### Your task
The answer must be an exact copy of the records below, with every picture left out.

☆ ☆ ☆ ☆ ☆

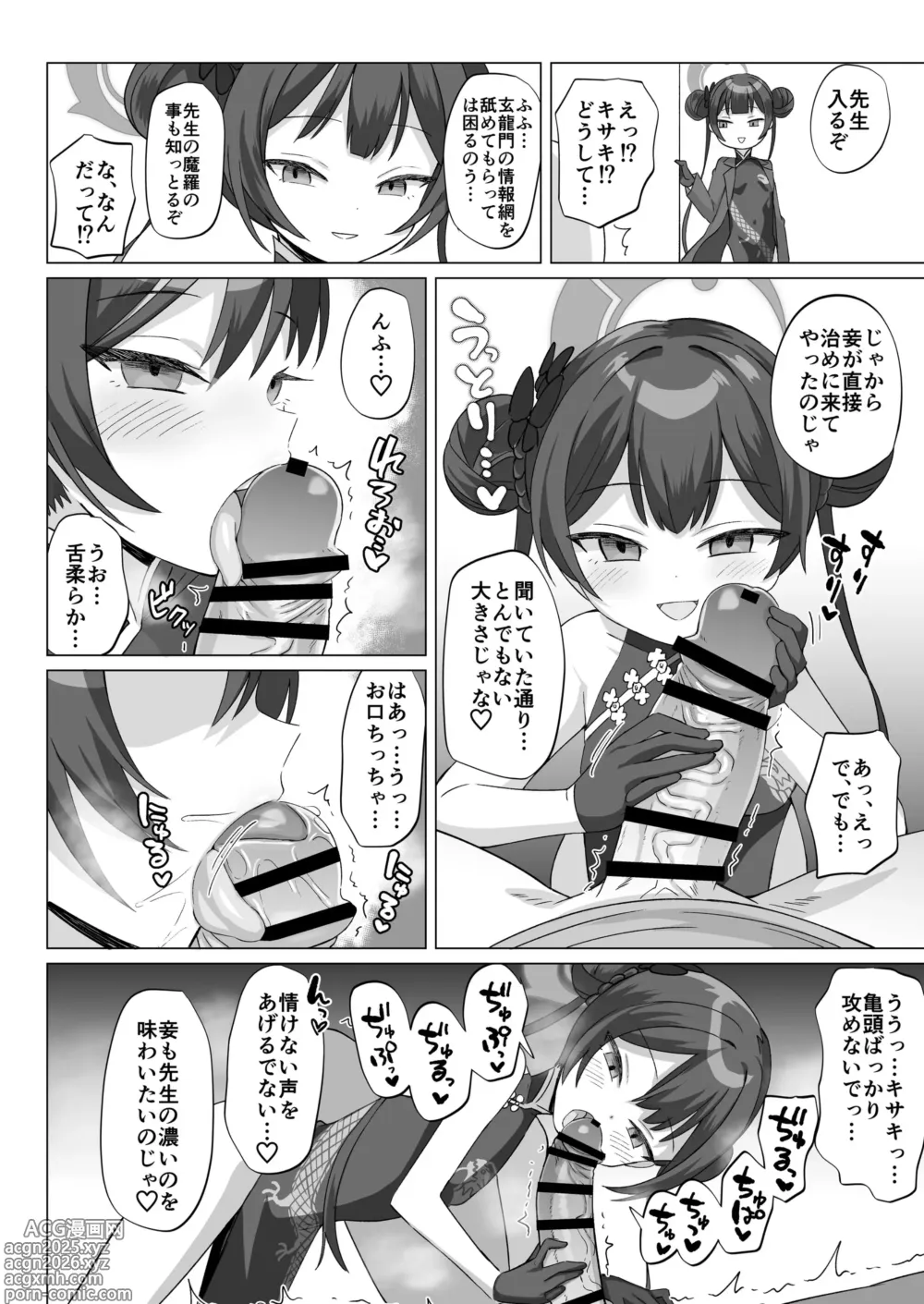 Page 20 of doujinshi Kinkyuu Mission! Sensei no Bokki Chinpo o Pyuppyu Seyo!!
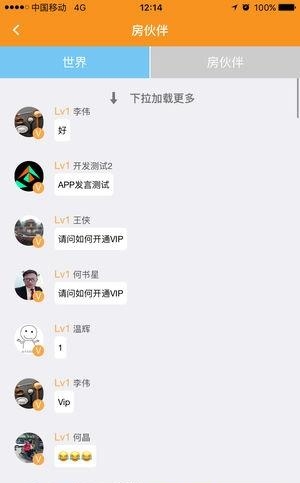 房伙伴  v5.2.0图2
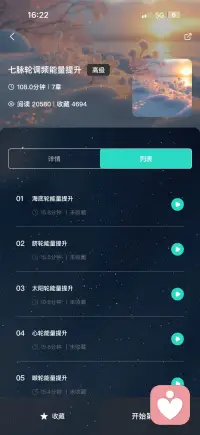 七脉轮调频能量提升配图
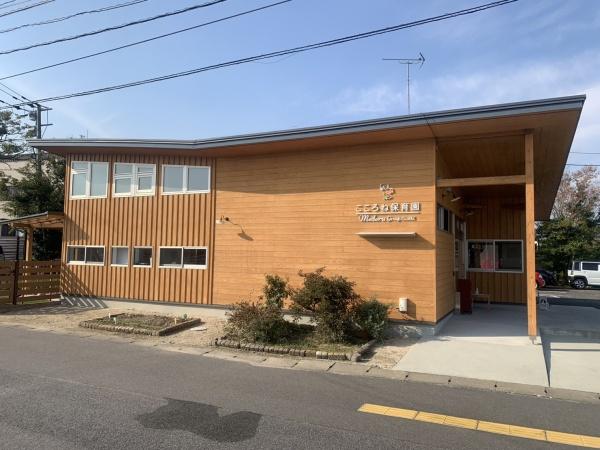 佐賀市本庄町大字鹿子の土地(こころね保育園)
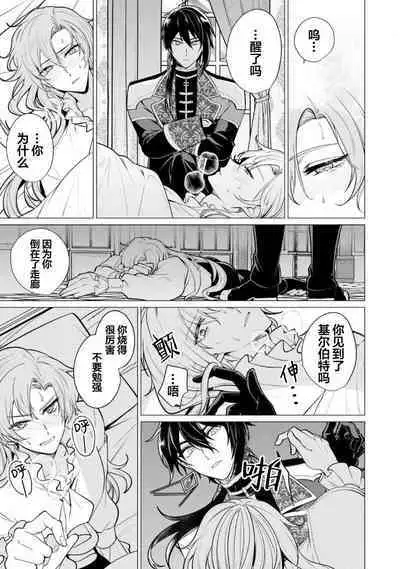 Oujitachi no Insan | 王子们的淫餐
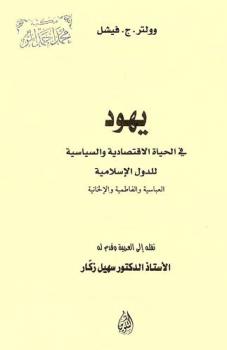  يهود في الحياة الاقتصادية والسياسية للدول الإسلامية العباسية والفاطمية والإلخانية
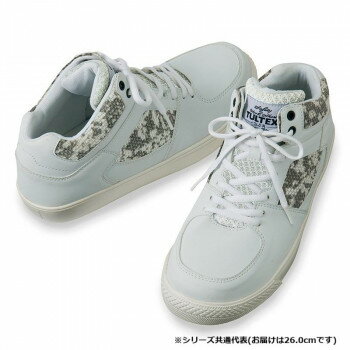 （同梱不可） アイトス　51650 セーフティシューズ(男女兼用) ホワイト 26.0cm 人気のミドルカットセー..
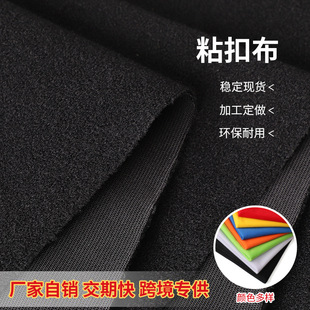 ������ɫ��ë��ճ��ħ�g�N�냺�����·�ë����q��1.5�׷��Ȍ�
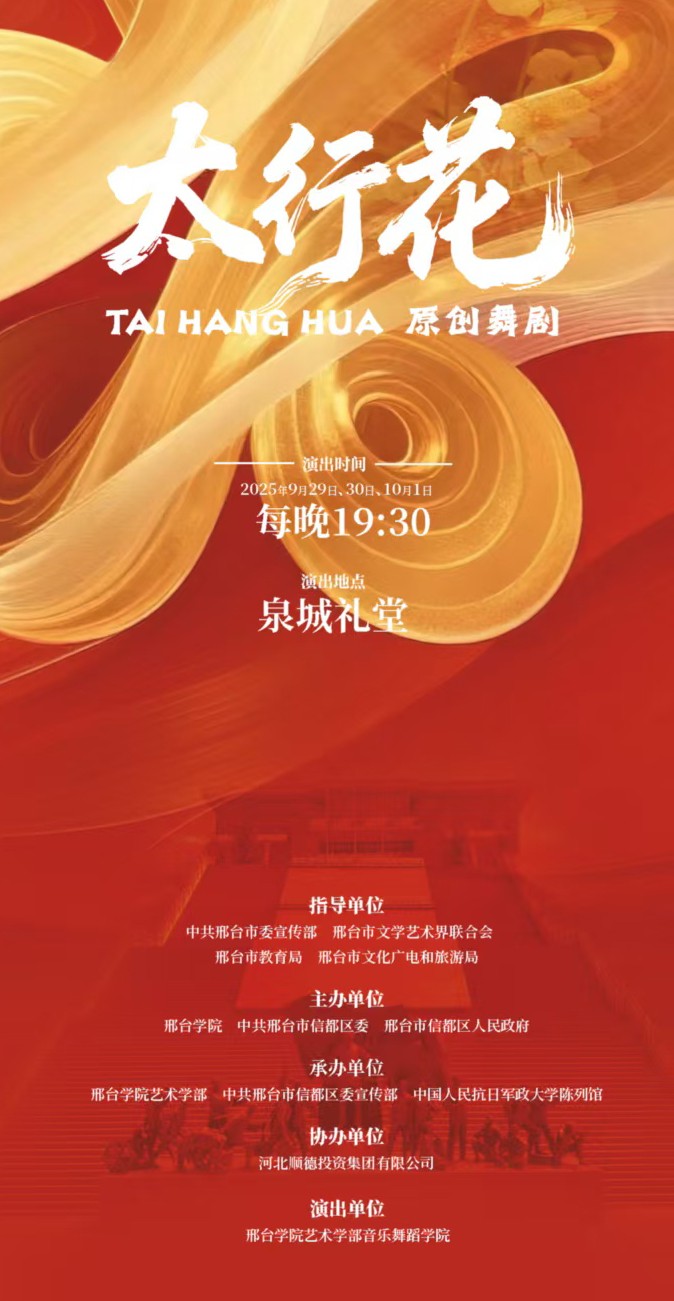 1759828483139457.jpg e5ce547566252f5ed7c307752d5611cc 拷贝.jpg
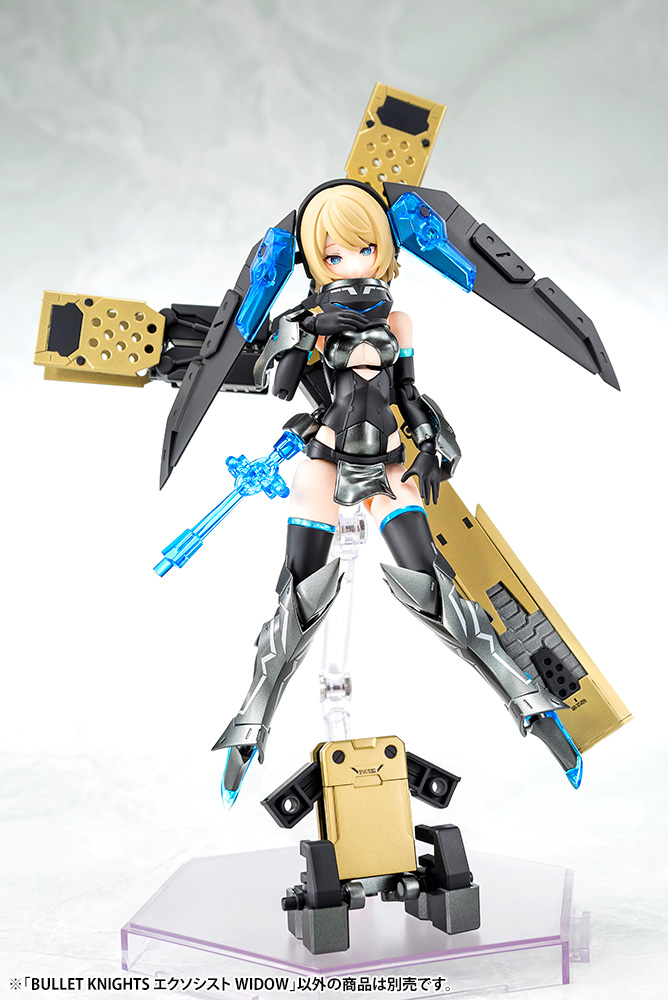 1/1 BULLET KNIGHTS エクソシスト WIDOW『メガミデバイス』 タムタム 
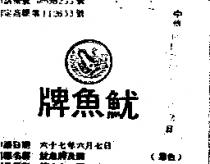 魷魚牌及圖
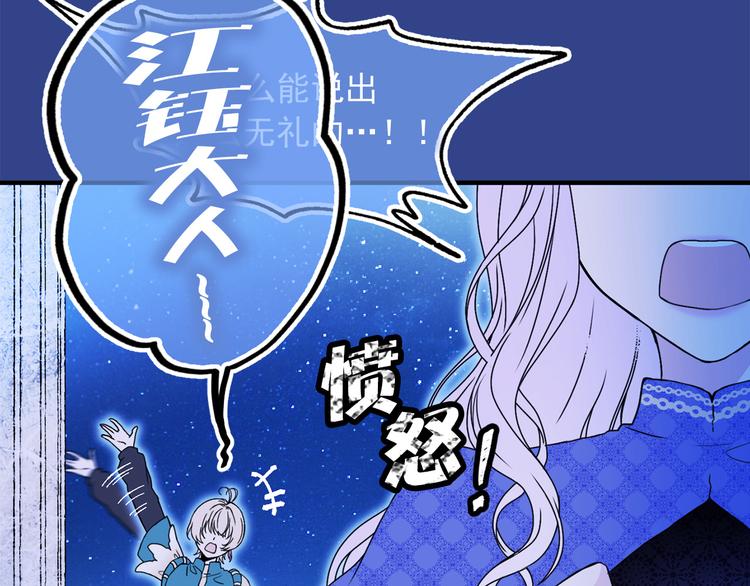 第44话 她不是物品56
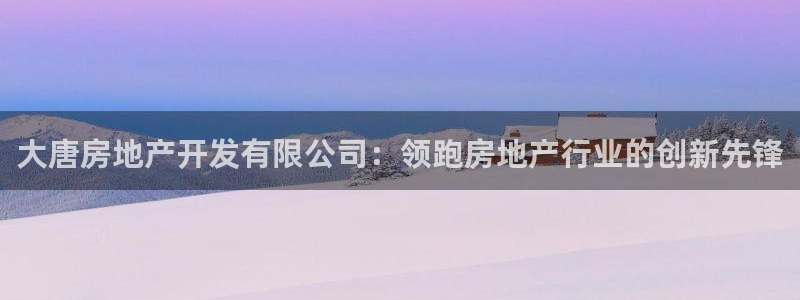永利pc网址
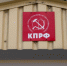 Коммунисты Заполярья подружились с Кольским теризбиркомом - SeverPost.ru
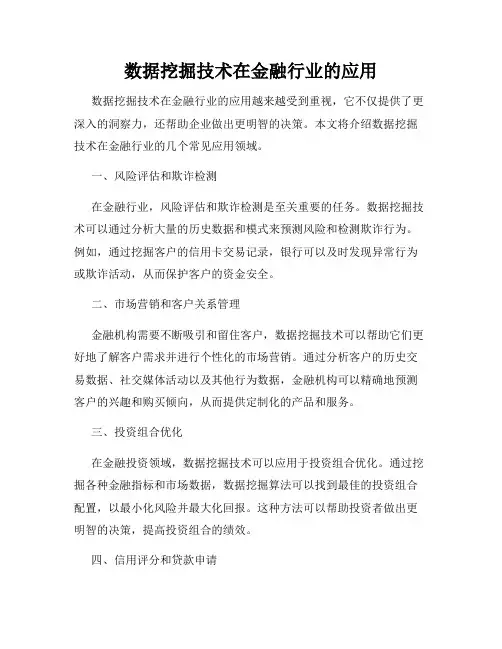 数据挖掘技术在金融行业的应用
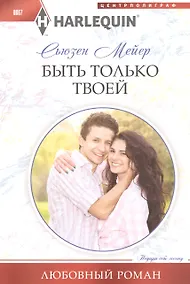 Купить Быть только твоей — Фото №1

☆ ☆ ☆ ☆ ☆

### Exercise result
 Page 20 of doujinshi Kinkyuu Mission! Sensei no Bokki Chinpo o Pyuppyu Seyo!!
 房伙伴  v5.2.0图2
 七脉轮调频能量提升配图
 佐賀市本庄町大字鹿子の土地(こころね保育園)
 Oujitachi no Insan | 王子们的淫餐
  يهود في الحياة الاقتصادية والسياسية للدول الإسلامية العباسية والفاطمية والإلخانية
 （同梱不可） アイトス　51650 セーフティシューズ(男女兼用) ホワイト 26.0cm 人気のミドルカットセー..
 ������ɫ��ë��ճ��ħ�g�N�냺�����·�ë����q��1.5�׷��Ȍ�
 1759828483139457.jpg e5ce547566252f5ed7c307752d5611cc 拷贝.jpg
 1/1 BULLET KNIGHTS エクソシスト WIDOW『メガミデバイス』 タムタム 
 魷魚牌及圖
 第44话 她不是物品56
永利pc网址
 Коммунисты Заполярья подружились с Кольским теризбиркомом - SeverPost.ru
 数据挖掘技术在金融行业的应用
 Купить Быть только твоей — Фото №1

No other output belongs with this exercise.